Requirement
Starting at the line that contains "Capres AS Hillary Clinton...", repeat each line exactly through the last line of the listing, and repeat nothing else.
── Data ──
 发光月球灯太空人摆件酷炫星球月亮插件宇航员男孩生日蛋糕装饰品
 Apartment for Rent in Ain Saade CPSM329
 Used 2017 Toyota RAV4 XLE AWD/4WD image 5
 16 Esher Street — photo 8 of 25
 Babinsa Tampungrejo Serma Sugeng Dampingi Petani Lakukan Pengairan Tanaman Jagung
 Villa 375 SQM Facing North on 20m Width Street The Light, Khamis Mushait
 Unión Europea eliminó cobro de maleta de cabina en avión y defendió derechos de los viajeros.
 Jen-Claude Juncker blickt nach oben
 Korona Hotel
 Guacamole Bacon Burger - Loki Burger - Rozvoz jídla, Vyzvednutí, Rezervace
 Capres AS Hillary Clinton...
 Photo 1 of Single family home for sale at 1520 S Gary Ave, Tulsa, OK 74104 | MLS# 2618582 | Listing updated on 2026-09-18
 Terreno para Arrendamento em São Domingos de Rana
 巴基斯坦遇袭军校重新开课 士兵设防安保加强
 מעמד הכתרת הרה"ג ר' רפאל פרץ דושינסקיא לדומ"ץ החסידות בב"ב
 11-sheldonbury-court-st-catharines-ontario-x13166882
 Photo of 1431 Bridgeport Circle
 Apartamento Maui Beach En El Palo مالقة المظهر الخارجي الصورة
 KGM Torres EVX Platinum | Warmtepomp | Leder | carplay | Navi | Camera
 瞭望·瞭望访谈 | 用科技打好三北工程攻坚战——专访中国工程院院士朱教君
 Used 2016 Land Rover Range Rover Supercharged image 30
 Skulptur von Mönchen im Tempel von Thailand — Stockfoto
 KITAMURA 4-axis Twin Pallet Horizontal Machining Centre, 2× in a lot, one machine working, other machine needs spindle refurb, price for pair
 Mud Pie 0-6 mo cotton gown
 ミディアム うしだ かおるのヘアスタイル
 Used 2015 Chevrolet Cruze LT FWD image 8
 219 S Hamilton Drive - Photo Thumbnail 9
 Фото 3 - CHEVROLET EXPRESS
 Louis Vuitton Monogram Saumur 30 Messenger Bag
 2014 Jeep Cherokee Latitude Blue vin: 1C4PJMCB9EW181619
───
Solution for this exercise
 Capres AS Hillary Clinton...
 Photo 1 of Single family home for sale at 1520 S Gary Ave, Tulsa, OK 74104 | MLS# 2618582 | Listing updated on 2026-09-18
 Terreno para Arrendamento em São Domingos de Rana
 巴基斯坦遇袭军校重新开课 士兵设防安保加强
 מעמד הכתרת הרה"ג ר' רפאל פרץ דושינסקיא לדומ"ץ החסידות בב"ב
 11-sheldonbury-court-st-catharines-ontario-x13166882
 Photo of 1431 Bridgeport Circle
 Apartamento Maui Beach En El Palo مالقة المظهر الخارجي الصورة
 KGM Torres EVX Platinum | Warmtepomp | Leder | carplay | Navi | Camera
 瞭望·瞭望访谈 | 用科技打好三北工程攻坚战——专访中国工程院院士朱教君
 Used 2016 Land Rover Range Rover Supercharged image 30
 Skulptur von Mönchen im Tempel von Thailand — Stockfoto
 KITAMURA 4-axis Twin Pallet Horizontal Machining Centre, 2× in a lot, one machine working, other machine needs spindle refurb, price for pair
 Mud Pie 0-6 mo cotton gown
 ミディアム うしだ かおるのヘアスタイル
 Used 2015 Chevrolet Cruze LT FWD image 8
 219 S Hamilton Drive - Photo Thumbnail 9
 Фото 3 - CHEVROLET EXPRESS
 Louis Vuitton Monogram Saumur 30 Messenger Bag
 2014 Jeep Cherokee Latitude Blue vin: 1C4PJMCB9EW181619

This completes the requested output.